Sunday, 9 March 2014

Lisbon

Monument to Prince Henry the Navigator
Having not been able to do Seville Justice due to absolutely awful weather, we made up for it with Lisbon. We bought the 48 hour three tour `Big Yellow Tours’ bus tickets (that’s a mouthful). These tickets allow use of trams and public buses (the Big Red Bus Tours don’t).The open top Hop on Hop off service is fantastic, and there is a running commentary as you’d expect detailing major sites.If there is a problem with it, it’s the musical `fill’ when all we really wanted was constant facts, because you drive past stuff you’re desperate to find out about and instead you just get to listen to `Fado’ http://en.wikipedia.org/wiki/Fado, not my cup of tea at all. The other minor gripe and this entirely personal, was having at least two stops on the tour at Portuguese Super Malls, with a stream of general advertising codswallop about being able to buy the latest designer brands blah blah blah.
Trafira Docks


Belem Tower

Let’s start at the beginning of our days. We had to rise early and catch a bus near the Orbitur Campsite (see previous post ... convenient BUT), from Costa de Caparica to Trafira, where we then caught the ferry to Porto  Brandao and finally Belem (west Lisbon, or more properly west of the 25th of April Bridge).

River
Prince Henry The Navigator Monument and his Peers
The river starts in Spain, and is fed on its journey by several major tributaries (see the links below). Having been born near the Thames and having spent most of my life living within a mile or so to a few hundred metres away from the river or it’s docks I have a bit of a big river fetish. The Tagus at its deepest is 46metres at its widest its 18kilometres and its over a 1000kilometres long (see bridges below for how to cross it).



The port of Lisbon runs along the banks and has all the normal functions of a working port such as container stacking and loading, but also a marina, a leisure area, a trendy bars and discos area, the museum of the orient and three three cruise terminals.
Docks and a Giant Baby Jesus Preparing to Clap in the Distance

Expo 98 Area
Looking Inland
This is a slightly odd mix, but is easily explained by the functions of buildings, and technology over time. Where once bagged and boxed goods turned an economy, now containerisation has taken over. This leaves unused warehouses and other buildings (such as the Cod Salting house, now the Museum of the Orient ... the wiki link doesn’t say enough and the museum link is verbose to the point of making the eyes bleed, so you’ll have to take my word on it).
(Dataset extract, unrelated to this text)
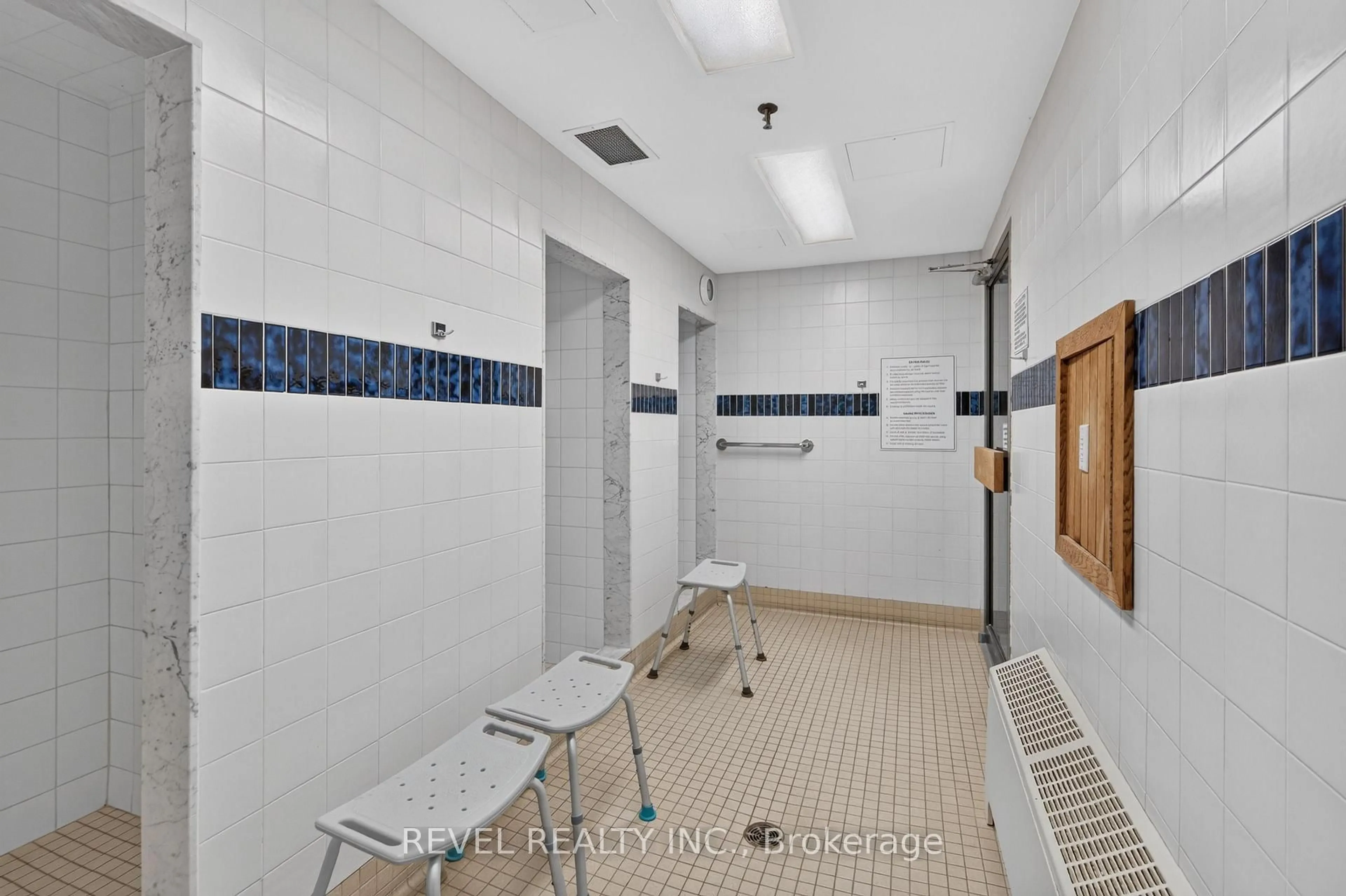 Standard bathroom, ceramic/tile floor for 278 Bloor St #2301, Toronto Ontario M4W 3M4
Big Graffiti and they Celebrate It
A Square (Tram cables)
http://www.museudooriente.pt/?lang=en (seeing this website you’d just pass on by), the displays inside will bring tears to the eyes, silks, lacquer work, water colours. Worth the visit to Lisbon on its own.

The old buildings and warehouses that haven’t been pulled down have just been converted, and the ports new functions have grown around them. So whereas Londons docks were regenerated elsewhere on the river and completely new docks were built because the size of ships increased over time, Lisbons deep water estuary allowed `organic’ growth without moving the dock site. To give a bit of context, London’s docks broadly by generation are: The Pool of London (from London Bridge to just below Tower Bridge, no locks, just riverside berths, then St Katerines Docks Part of the pool of London but much later, West India Docks (Isle of Dogs), The royal Docks (city Airport area), then Tilbury Docks just beyond the city limits in Essex, and now just being developed The London Gateway Super Container port. These facilities spread over a period of hundreds of years and are all separated in measures of miles (around 30 from the Pool of London to the London Gateway).

The port of Lisbon, in common with Cartagena, is entirely self-contained in all of its generations over those same hundreds of years, due to the vastness of the estuary, the depth of water and geology.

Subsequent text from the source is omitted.